L'accordo di programma tra Metinvest e il governo italiano è stato firmato lo scorso luglio a Roma durante la conferenza per la ricostruzione. L'esecutivo guidato da Giorgia Meloni è riuscito così a sbrogliare una grossa matassa che da anni gravava sulla siderurgia tricolore. Al contempo, la premier si è anche guadagnata un credito rilevante nei confronti di Akhmetov. Che, come detto, gioca il ruolo del playmaker nella ricostruzione. “Al momento c'è sicuramente un buon rapporto tra il ministro Urso e i vertici di Metinvest, e questo potrebbe portare buoni frutti per le imprese italiane interessate a lavorare in Ucraina”, dice a Materia Rinnovabile una fonte a conoscenza del dossier.
Di sicuro, visto da una prospettiva più economica che politica, il tema della ricostruzione viene trattato con estrema discrezione.

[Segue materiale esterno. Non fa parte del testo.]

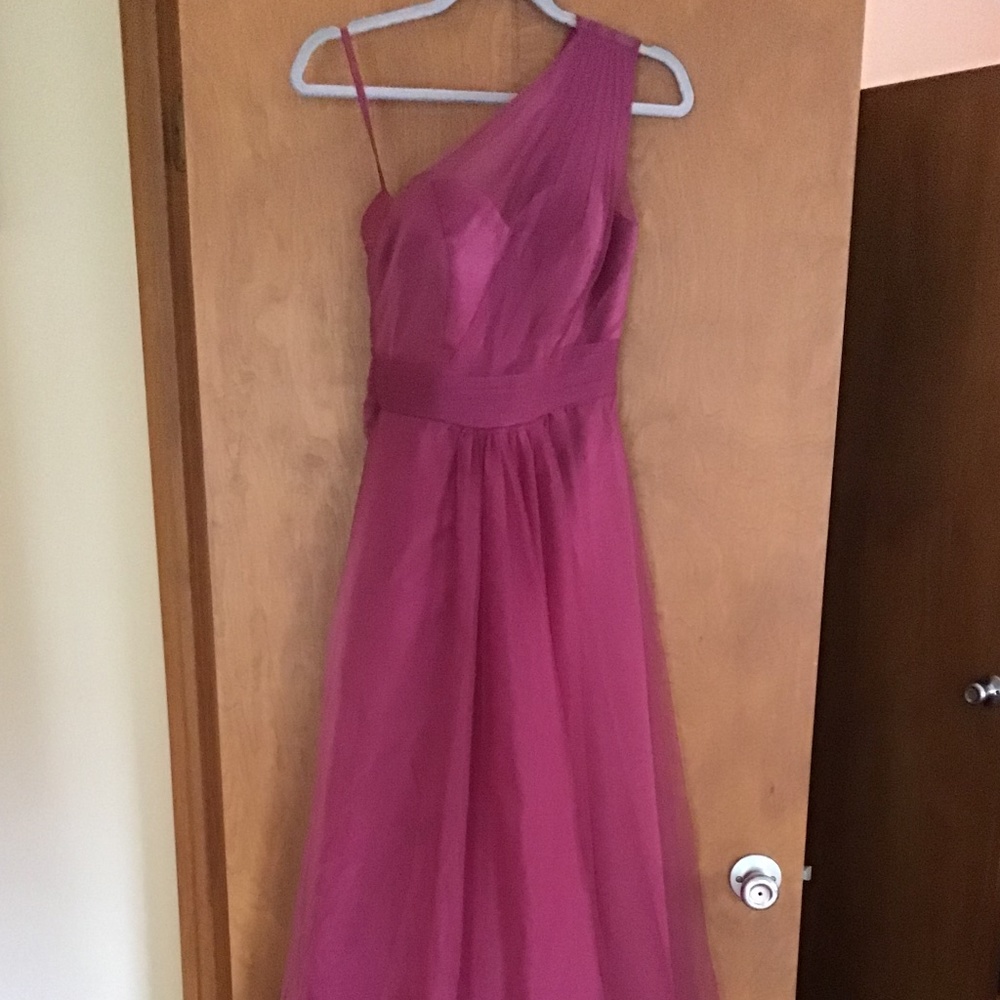Lila Mira One shoulder Chiffon Gown in Mulberry Size 2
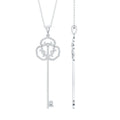 Lab Created Diamond Necklace – Vintage Style Key Pendant Charm with Round Cut Diamonds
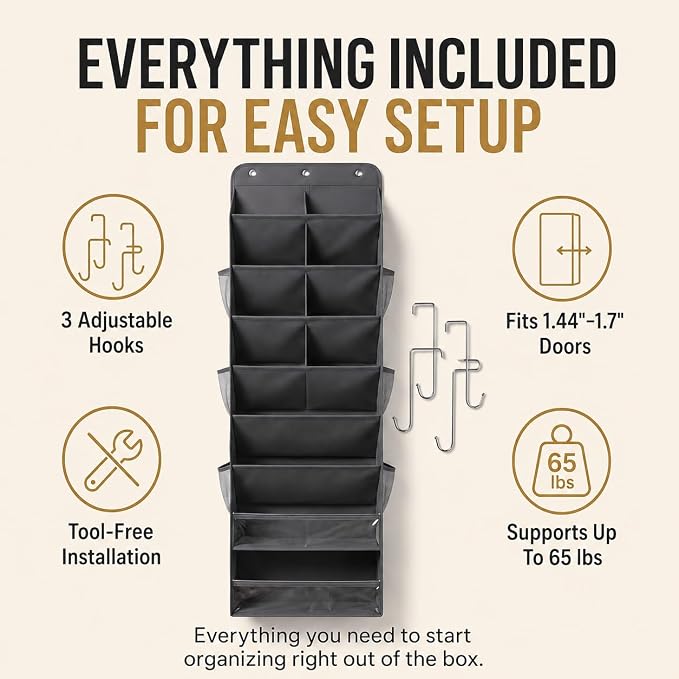 8 Tier Hanging Shoe Organizer – 100D Extra Thick Deep Pockets, Shoe Rack for Closet, Shoe Rack for Entryway, Over the Door Shoe Organizer for Closet with 6 Side Pockets for Boots (Pink)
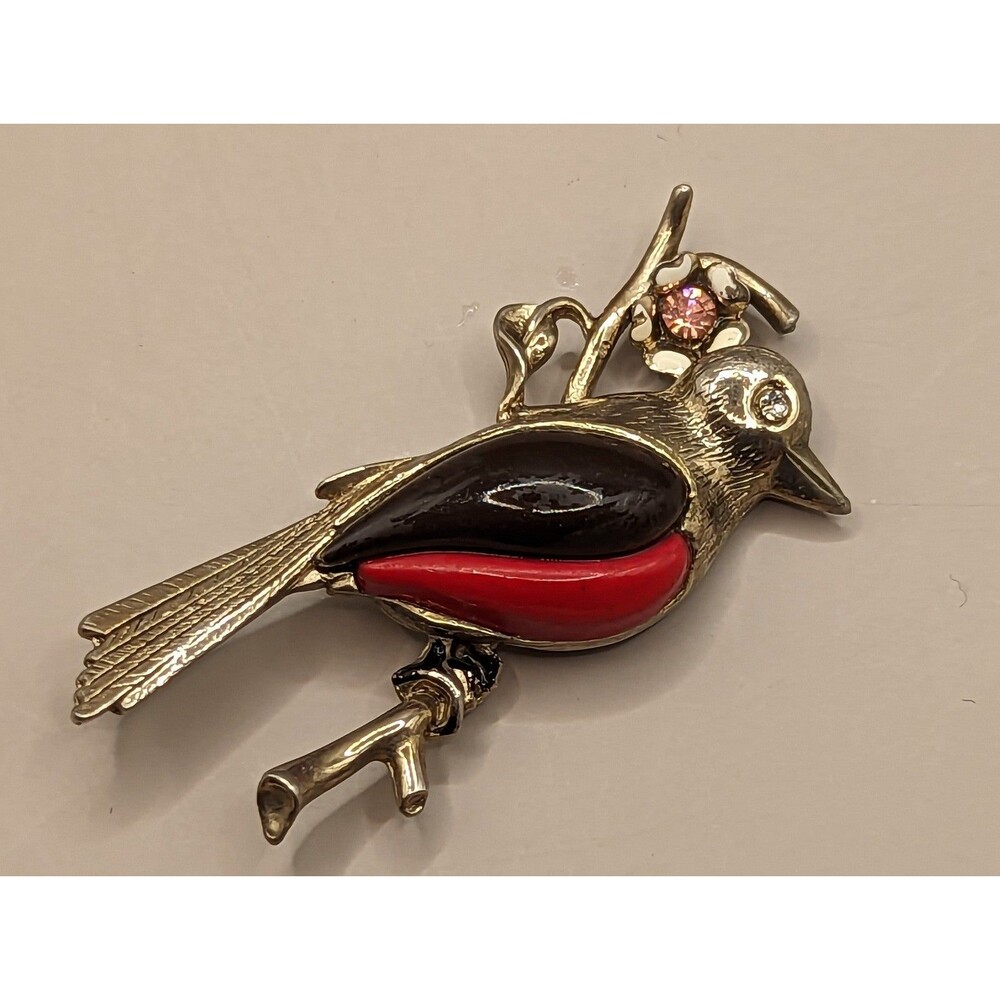 Vintage Red Brown Enamel Bird Brooch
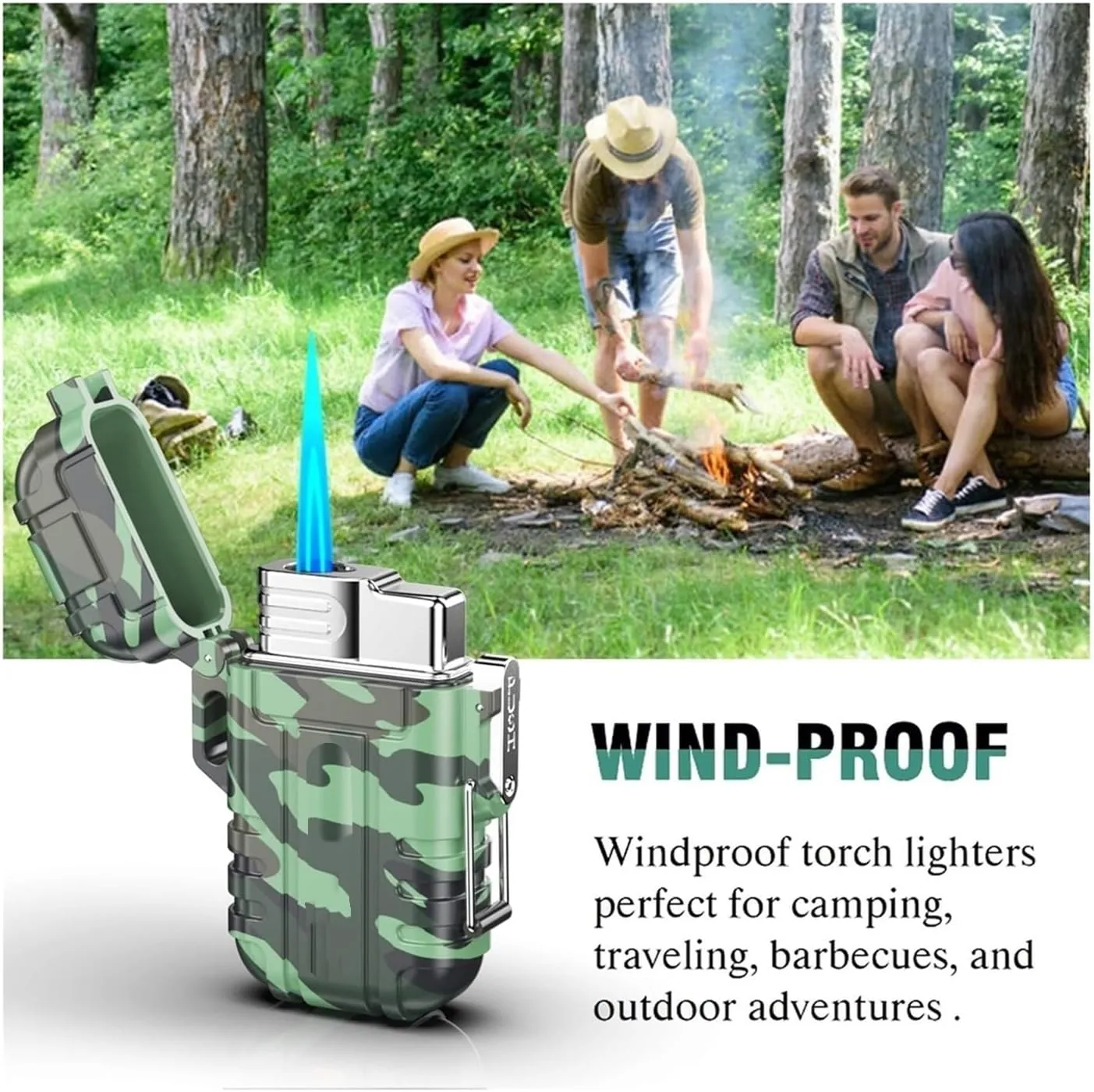 Windproof Lighter with Safety Lock, Metal Lighter, Portable, Butane refillable, Windproof and Waterproof Lighter, Adjustable Flame Size (Butane not Included)(Red)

Difficilissimo trovare un'azienda disposta a parlarne apertamente. E lo stesso vale per i governi. Alle nostre domande il ministero delle imprese italiano non ha voluto rispondere. Stesso atteggiamento da parte del ministero ucraino per la ricostruzione: ci aveva promesso una risposta, ma alla fine ha cambiato idea. Segno che la ricostruzione, così come la guerra, sembra un'operazione top secret.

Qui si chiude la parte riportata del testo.